The Windows Live Hotmail team has released a new feature to make life for people using ‘throwaway email accounts’ easier. With this feature it is possible to add up to 15 aliases (5 per year) to an existing account: mail received through these aliases will arrive in your central inbox.
One of the reasons for introducing this is that maintaining multiple accounts with separate logins and passwords is a hassle, but people who use email a lot still want to use separate email addresses for various purposes. This has now been made possible: you can use separate email addresses as an alias for your main account without exposing that main account’s email address. When the feature is available in your Hotmail account, you can add an alias through this screen:
The email received through that alias will be put in a separate folder.
Another reason for this new feature is the protection of one’s online identity: you might not want to use your personal name-as-email-address with certain online shops, forums or other signup places. This way you can make sure you separate your streams of email in one central account.

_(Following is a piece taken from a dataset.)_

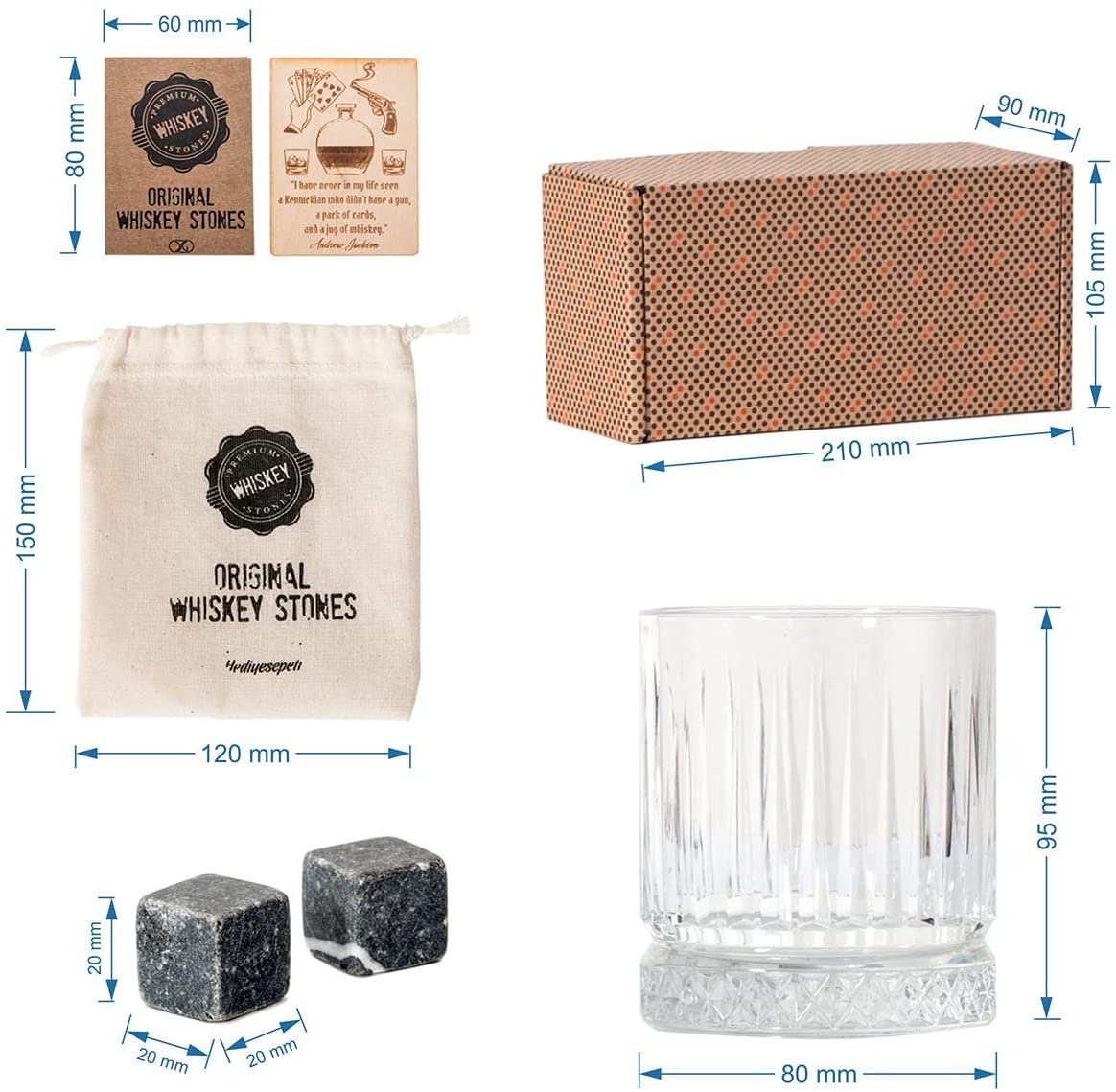 Whiskey Glass with 12 Pieces Whiskey Stones Glass Gift Set - Samuels Jewelers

With the new aliases I can see a disadvantage too: signing up for so many different things the total amount of email you receive might grow alarmingly, which could mean less time spent per email reading and responding to it. About four months ago I already posted about crowded inboxes and how to avoid them: getting a bunch of aliases set up for receiving more email on different email addresses could result in the opposite of a manageable inbox.
For email marketers this can pose a two-fold challenge as well: how to keep up with all those new email addresses in a correct manner, and how to make sure the time a subscriber spends on email is hopefully spent as much as possible on your carefully crafted email. Some tips for the last part are to focus on value and privacy: if a potential subscriber trusts you with their ‘main’ email address and will think it worth it to receive your email messages on that ‘main’ email address, you’re already halfway there.